What If Doctors Owned Part of Hospital EMRs?

After this many years of widespread use, you’d think that physicians would have accepted that EMRs are an inevitable part of practicing medicine — and at least sometimes, a useful tool that helps doctors manage their panel of patients more effectively.  But it seems some hospital administrators have concluded that a significant percentage of doctors loathe EMRs.

I draw this conclusion not from casual conversation with physicians, but from a hospital recruiting advertisement quoted in The New York Times.  The advertisement, which was attempting to attract doctors to a facility in Phoenix, closed its glowing description of state-of-the-art equipment and an attractive location with a single provocative line, all in bold: “No E.M.R.s.”

While EMRs are getting long in the tooth these days, they haven’t won over many doctors. As physician Robert Wachter notes in his NYT piece on the subject, a 2013 RAND survey found physicians most unhappy with EMRs, citing “poor usability, time-consuming data entry, needless alerts and poor work flows.”

I think it’s pretty obvious why EMRs continue to stay user-hostile. While doctors are the end users of  EMRs, hospital IT leaders and other CXOs make the final buying decisions. And he (or she) who writes the check makes the rules.

In theory, it’s strongly in hospital management’s interests to force EMR vendors to clean up their usability act.  After all, not only do hospital leaders want their EMRs used effectively, they want the data to be robust enough to be usable for value-based care delivery. But the truth is that hospital leaders are nowhere near demanding enough of EMR vendors. And because they’re the ones writing the checks, doctors get stuck with the ugly results.

But what if there was a way to involve both doctors and hospitals financially, as partners, in buying EMRs?  Not being the world’s greatest finance wizard, I don’t know how a hospital and a group of physicians could structure a deal that would allow them to jointly own the hospital’s EMR system. And I’m aware, though I don’t know how they would be addressed, that there could be significant legal issues to be resolved if the hospital was a not-for-profit entity.

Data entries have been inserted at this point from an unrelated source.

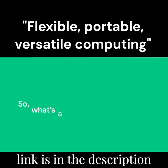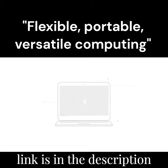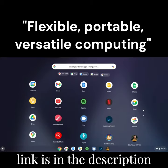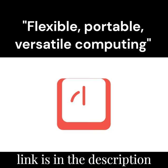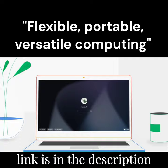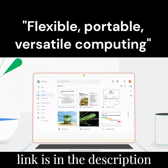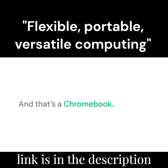The Acer Chromebook Spin 314 is a highly portable and flexible device that is perfect for on-the-go computing. It has a 14-inch touchscreen display that can be used in laptop or tablet mode, and it runs on Chrome OS, allowing users to easily access their favorite apps and programs. Its long battery life makes it ideal for all-day use.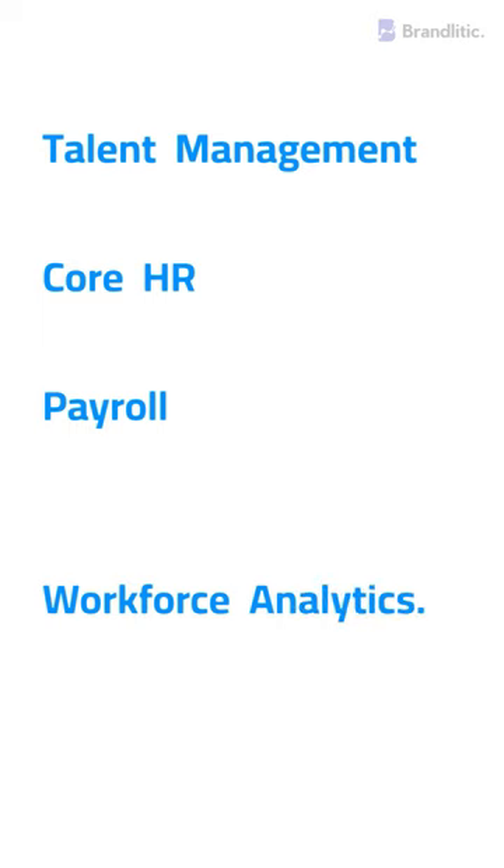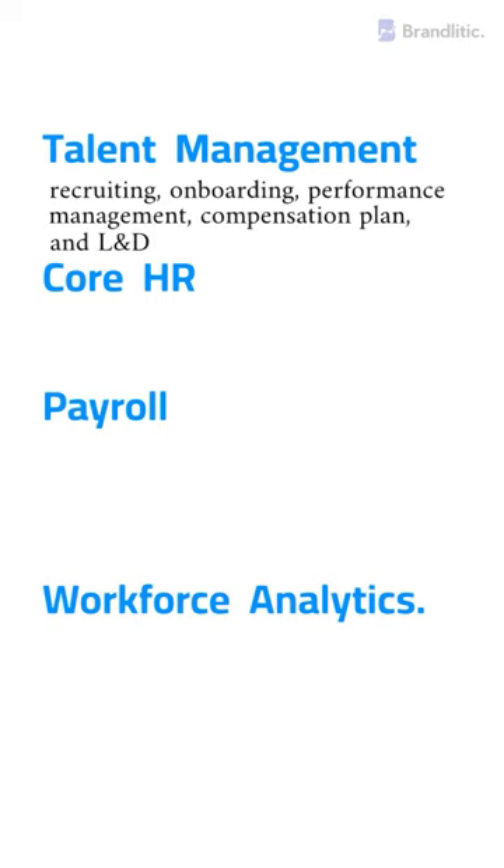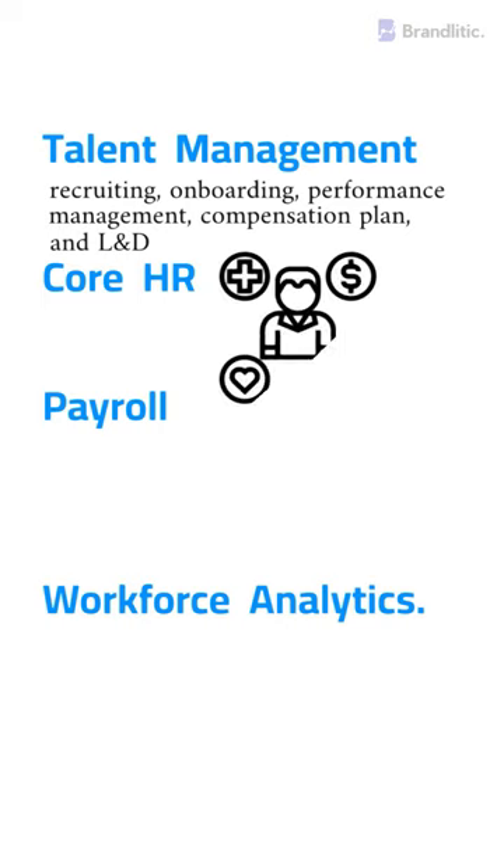Talent management offers features like recruiting, onboarding, performance management, compensation planning, and learning and development. Core HR functionality includes employee data management, benefits administration, and compliance reporting.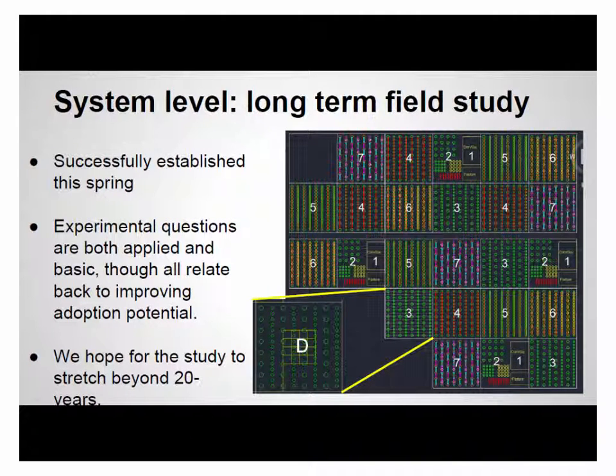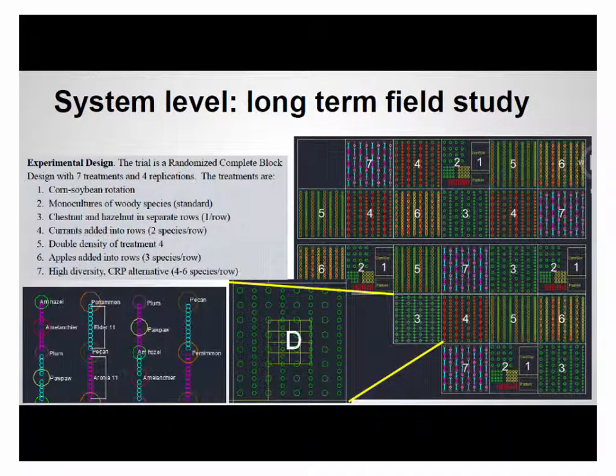At the actual experimental site, it was successfully established and all plants are now leafing out. There are seven treatments — you can see numbers one through seven — and four replications of each treatment. Treatments go from corn and soy to monocultures of woody species, then additions of one species per treatment. As you move from the initial mixed-species planting, each additional planting increases by one species or one crop. This is intentional so we can ascertain where ecological services or productivity are coming from — the goal was to have no gap when moving up in species number.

But at least in theory, if doctors were paying for a percentage of the EMR, they’d have a lot more say as to what level of usability they’d demand, what features were most important to them, and what price they’d be willing to pay for the system. In other words, if doctors had skin in the game, it would put a great deal of pressure on vendors to make EMRs doctors actually liked.

Now, I realize that doctors might have no interest in buying into a technology which has let them down again and again. But there’s a chance that more visionary and tech-friendly physicians might grab the chance to have a substantial say in the EMR-buying process. The idea is worth a look.

About the author

Anne Zieger

Anne Zieger is a healthcare journalist who has written about the industry for 30 years. Her work has appeared in all of the leading healthcare industry publications, and she's served as editor in chief of several healthcare B2B sites.

2 Comments

  • Many times the EMR’s are very flexible, and physicians do have some say in how the product is installed, however, they frequently do not understand or have the time until go-live when they actually have to use it to provide their input. After the go-live all the hospital teams are so “busy” they don’t have the resources to adjust the screens to support physician workflows. Those who are responsible for selecting the EMR have had a go-live date and the urgency to continue to modify disappears. Many physicians will say their reported issues seem to “fall on deaf ears” thus some of the dissatisfaction. Most hospitals do provide the ability for some physicians to have input in the purchasing of the EMR’s, however, as they say “the devil’s in the details” which no one sees until after the purchase.

  • IMHO, the author has clearly outlined the root cause of the problem – “hospital IT leaders and other CXOs make the final buying decisions.” It is entirely possible to involve physicians during every phase of EMR selection and deployement, but many institutions choose not to. The problem (and the solution) lies not with physicians, but with hospital leadership.